Deployment team & sites

Europe/London
EVO - GridPP Deployment team & sites meeting

EVO - GridPP Deployment team & sites meeting

Jeremy Coles
Description
- This is the biweekly DTEAM & sites meeting - The intention is to run the meeting in EVO: http://evo.caltech.edu/evoGate/. Join the meeting in the GridPP Community area. - The phone bridge number is +44 (0)161 306 6802 (CERN number +41 22 76 71400).

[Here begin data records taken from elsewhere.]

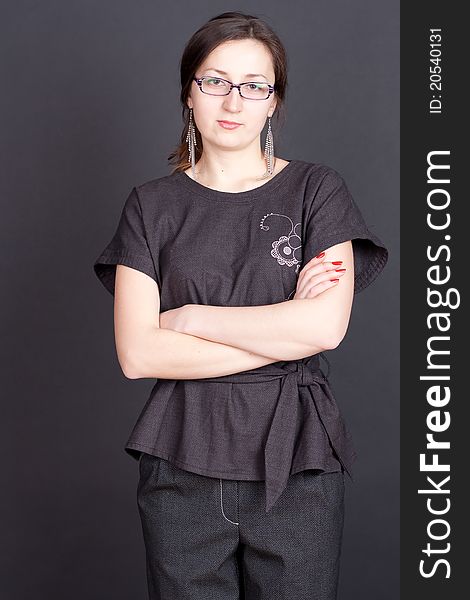 Business woman in glasses studio photography
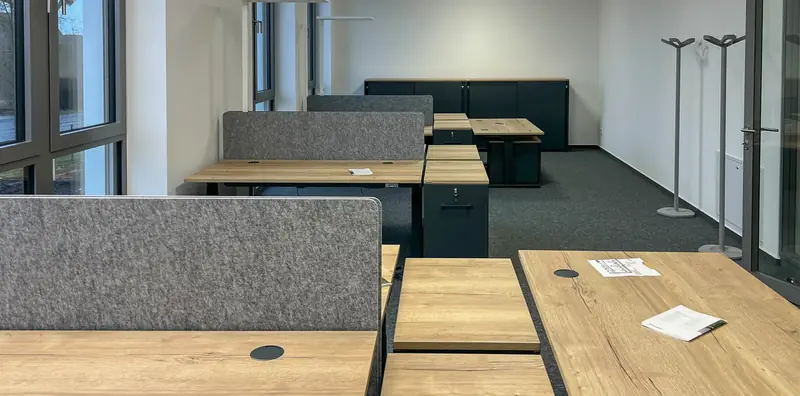 Großraumbüro mit Schreibtischen in Eichenoptik, grauen Filz-Trennwänden und anthrazitfarbenen Rollcontainern.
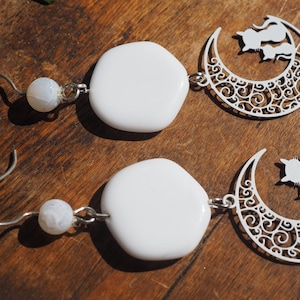 May include: A pair of white earrings with a white oval-shaped stone and a silver crescent moon charm with two cats on it.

The phone bridge ID is 77907 with code: 4880.
Minutes
more information

Experiment problems/issues
=====================

LHCb
--------
  RAL and UK in general are fine.
  Bristol seems to be in downtime for a long time?  Left Downtime 5 days ago, worth checking LHCb internals on that.
  Minor issue at Glasgow, ticketed and resolved.
  22-23 Feb, Dirac servers at CERN will be down for maintenance so no jobs then.  All jobs should finish before then.

CMS
-------
  In general, all Ok.
  Bit of a historical problem with DPM, a kludge is in place.  In the process of removing this, there's a problem with the SSL libs and Frontier, which ATLAS have probably resolved already. ggus 67491.  Should be resolved fairly soon.  Sites are still working, this is forward looking work.
 
Atlas
-------
  No problems.
  Brians notes that sites still needing to clean MCDISK and SRM dump: Oxford, Lancaster, RAL PPD and Durham.  Oxford should have it done in the next couple of days.

Other
-------
  Approval request for NA62, NEISS, and cernatschool.
  Euan noted some slight confusion between LFC and SE in NEISS stuff?  Sam notes that he's on top of it, and it's being resolved.  Question on CPU efficiency if they're downloading lots of data from the Web - not jobs of that type run yet, so no data.  Approval is primarily for LFC access, not expecting all sites to enable it if they are worried about job efficencies.  
  Should new VO's use space tokens?  Sam indicated Neiss will, and recommends that in general.
  No opposition, therefore these three VO's and approved by dteam.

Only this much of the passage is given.